Андрей нагнулся, убрал увядшие цветы и выровнял чуть покосившуюся табличку, прибитую к деревянному кресту.
- Я не смогу задержаться надолго, - он оглянулся на мать. – К сентябрю мне надобно вернуться в полк. Коли пожелаете, поедем в столицу вместе.
- Нет, Андрюша, - madame Соколинская слабо улыбнулась и кивнула на могилу: – я здесь останусь, рядом с ним.

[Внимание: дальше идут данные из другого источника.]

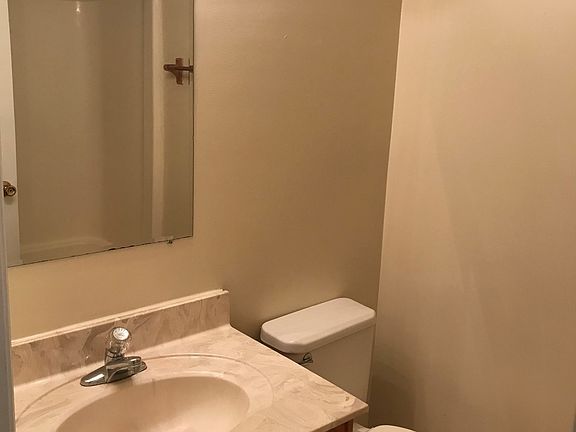 3rd image of 2032 Mercury Blvd APT B-12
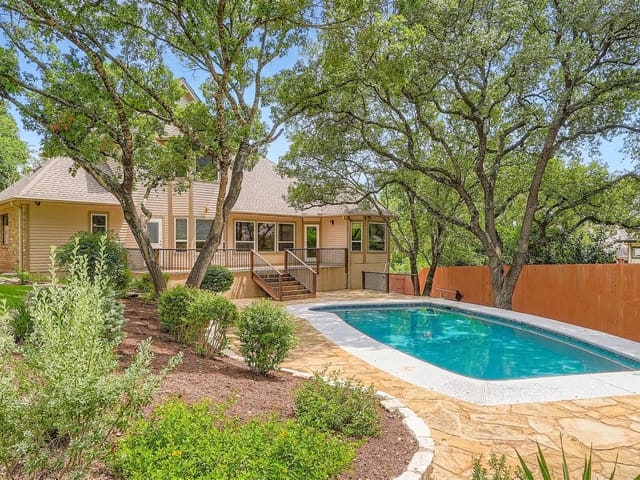 1204 Indian Canyon Cv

Они пробыли у могилы ещё с четверть часа, каждый думая о своём. После Татьяна Васильевна вернулась во флигель, а Ефимовский отправился осмотреть дом, дабы решить, что надобно ещё сделать для того, чтобы мать могла поселиться в нём до зимы.
Проходя через анфилады пустых покоев, Андрей прислушивался к гулкому эху своих шагов, изредка останавливался, подзывая к себе семенившего за ним следом архитектора и указывая тому на то, что должно сделать. Огромный особняк мог бы стать домом для молодой семьи, со временем эти пустые комнаты наполнились бы звуками детского смеха, топотом маленьких ножек, шумными играми: той жизнью, о которой грезил его брат. Но, увы, отныне здесь станет доживать свой век одинокая больная женщина, лишившаяся самого дорого в жизни.
Закончив обход дома и обсудив с архитектором предстоящие расходы, Ефимовский велел оседлать ему лошадь. Он собирался нанести визит Урусовым, дабы выразить соболезнования княжне Наталье. Но более всего ему хотелось побеседовать с князем, узнать подробности истории, стоившей жизни Мишелю.
Расспросив дорогу, Андрей Петрович выехал за ворота. Солнышко поднялось уже высоко и даже в светлом сюртуке из тонкого сукна становилось довольно жарко. Ефимовскому пришлось объехать крестьянский обоз, везущий хлеб, убранный с поля, на гумно. Пыль, поднятая десятками ног и копытами лошадей, ещё долго кружилась в воздухе, оседая на угрюмых усталых лицах мужиков. Андрею показалось, что у него весь рот забит этой пылью, и она даже скрипит на зубах. Остановив мальчонку, что плёлся позади всего обоза, Ефимовский стал расспрашивать его о хозяевах усадьбы, которая виднелась за поворотом дороги, с тем, чтобы заехать туда и обратиться с просьбой утолить жажду.
- То Ракитиных имение будет, - мальчишка блеснул белыми зубами на загорелом лице и ловко поймал брошенный ему пятак.
Андрей долго вглядывался в закрытые ворота, виднеющиеся вдали. Любопытство пересилило неприязнь, которую вызывала в нём произнесённая мальчишкой фамилия, и, тронув каблуками бока гнедого, он направил его в сторону усадьбы. В ней жила та, кто стала причиной ссоры его брата с ротмистром Карташевским.
Привратник открыл ему, но сообщил, что господа уехали, а когда будут ему не ведомо, посоветовав справиться о том у управляющего. Спешившись во дворе весьма скромной усадьбы, Андрей огляделся. Старый деревянный дом нуждался в ремонте, но в небольшом парке царил образцовый порядок.
Заметив из окна незнакомца, управляющий сам вышел ему навстречу.
- Чем могу быть полезен? – Обратился он к Ефимовскому, созерцающему фасад дома.